━━━━━ Given records

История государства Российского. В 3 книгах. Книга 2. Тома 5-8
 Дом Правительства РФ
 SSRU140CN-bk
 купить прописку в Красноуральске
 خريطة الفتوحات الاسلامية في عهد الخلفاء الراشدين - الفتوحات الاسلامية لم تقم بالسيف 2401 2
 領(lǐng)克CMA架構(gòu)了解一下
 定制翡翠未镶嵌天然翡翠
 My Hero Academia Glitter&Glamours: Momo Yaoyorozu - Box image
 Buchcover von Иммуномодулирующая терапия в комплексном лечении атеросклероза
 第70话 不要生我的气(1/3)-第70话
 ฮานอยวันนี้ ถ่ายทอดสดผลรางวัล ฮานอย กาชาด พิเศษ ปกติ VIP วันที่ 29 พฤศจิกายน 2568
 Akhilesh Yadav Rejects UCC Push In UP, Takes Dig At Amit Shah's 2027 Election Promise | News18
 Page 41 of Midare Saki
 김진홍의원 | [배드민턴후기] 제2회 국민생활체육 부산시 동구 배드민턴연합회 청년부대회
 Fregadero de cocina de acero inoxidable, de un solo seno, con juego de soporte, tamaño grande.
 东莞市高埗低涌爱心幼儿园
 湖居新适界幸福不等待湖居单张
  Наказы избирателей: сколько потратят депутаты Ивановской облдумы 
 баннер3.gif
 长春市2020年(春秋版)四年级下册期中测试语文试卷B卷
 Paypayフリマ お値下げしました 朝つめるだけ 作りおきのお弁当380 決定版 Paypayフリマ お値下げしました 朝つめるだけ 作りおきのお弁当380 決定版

━━━━━━━━━━

[Task objective] What is needed is an exact restatement of every record above.

[Reply to the task]
История государства Российского. В 3 книгах. Книга 2. Тома 5-8
 Дом Правительства РФ
 SSRU140CN-bk
 купить прописку в Красноуральске
 خريطة الفتوحات الاسلامية في عهد الخلفاء الراشدين - الفتوحات الاسلامية لم تقم بالسيف 2401 2
 領(lǐng)克CMA架構(gòu)了解一下
 定制翡翠未镶嵌天然翡翠
 My Hero Academia Glitter&Glamours: Momo Yaoyorozu - Box image
 Buchcover von Иммуномодулирующая терапия в комплексном лечении атеросклероза
 第70话 不要生我的气(1/3)-第70话
 ฮานอยวันนี้ ถ่ายทอดสดผลรางวัล ฮานอย กาชาด พิเศษ ปกติ VIP วันที่ 29 พฤศจิกายน 2568
 Akhilesh Yadav Rejects UCC Push In UP, Takes Dig At Amit Shah's 2027 Election Promise | News18
 Page 41 of Midare Saki
 김진홍의원 | [배드민턴후기] 제2회 국민생활체육 부산시 동구 배드민턴연합회 청년부대회
 Fregadero de cocina de acero inoxidable, de un solo seno, con juego de soporte, tamaño grande.
 东莞市高埗低涌爱心幼儿园
 湖居新适界幸福不等待湖居单张
  Наказы избирателей: сколько потратят депутаты Ивановской облдумы 
 баннер3.gif
 长春市2020年(春秋版)四年级下册期中测试语文试卷B卷
 Paypayフリマ お値下げしました 朝つめるだけ 作りおきのお弁当380 決定版 Paypayフリマ お値下げしました 朝つめるだけ 作りおきのお弁当380 決定版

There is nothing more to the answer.